À l’approche de cette élection, les grands historiens du pays s’étaient pourtant préparés à une bataille rangée sur ces questions. Ainsi le nouveau professeur au Collège de France, Patrick Boucheron, avait-il lancé en janvier dernier une Histoire mondiale de la France aux options idéologiques peu dissimulées, puisqu’il s’agissait clairement d’offrir une alternative à l’histoire identitaire. De cesser de produire du récit national prêt à l’emploi pour les politiques. De se décentrer, en somme, pour s’habituer à ne pas appréhender la France comme le cher pays de notre enfance, mais comme une entité au milieu des autres, entièrement traversée par l’histoire des autres, et devant au final peu de chose au « sacre de Clovis », entre autres ponts aux ânes. Une telle démarche historiographique ne pouvait que susciter l’ire de Pierre Nora, maître d’œuvre des Lieux de mémoire, qui instaura au milieu des années 1980 le retour d’une histoire monumentale, participant pleinement à la construction d’un récit national français rénové. 

Ainsi ce dernier assassinera-t-il littéralement la démarche de Boucheron et ses troupes dans une tribune publiée en pleine campagne par L’Obs. Soupçonné de vouloir insister sur les apports à la France « du monde extérieur, colonial et musulman », le coordinateur de l’Histoire mondiale de la France se verra même accusé par son confrère, en faisant démarrer l’histoire de France par la grotte Chauvet plutôt que du côté des Gaulois, de vouloir affirmer l’importance, au fondement même de notre nation, « d’une humanité métisse et migrante ». 
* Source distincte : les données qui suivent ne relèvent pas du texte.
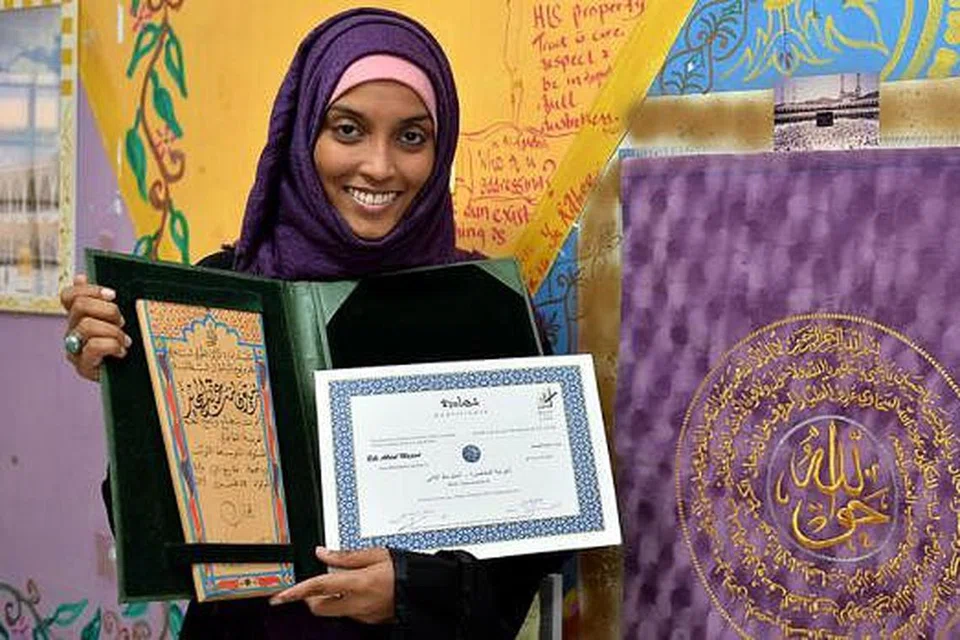 WANITA BERSEMANGAT WAJA: Cik Zaiton berasa gembira dengan apa yang telah dilakukan dan dicapainya - memburu pengajian bahasa Arab hingga berjaya. Perniagaan seni lukis inainya pula popular hingga ke Jepun. - Foto M.O.SALLEH 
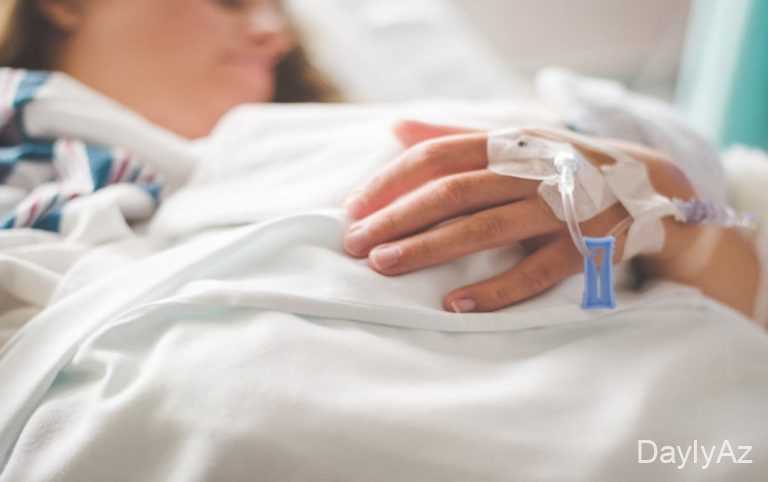 19 yaşlı tələbə dərmandan zəhərləndi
À une histoire bien de chez nous se verrait donc opposée par Boucheron, nouvelle star de la scène intellectuelle de gauche, une caricature d’histoire de France progressiste, fondue d’exotisme, prétendument avide de se dissoudre dans la grande soupe mondialiste. Las, les candidats à la présidentielle renoncèrent, eux, à se lancer dans cette bataille des récits nationaux. Faute de munitions culturelles pour la plupart, faute de vraies convictions aussi. On assista bien à une espèce de sacre, le 7 mai dernier, mélangeant symboles royaux, maçons et mitterrandiens, mais tout cela sans grande conviction, même de la part de ses organisateurs. Une espèce de couronnement à l’esthétique Da Vinci Code, dont on peinerait à indiquer la signification générale. Les affrontements autour de l’histoire de France retrouveront peut-être un public. Pour l’heure, on peut le regretter, ils demeurent des querelles de spécialistes.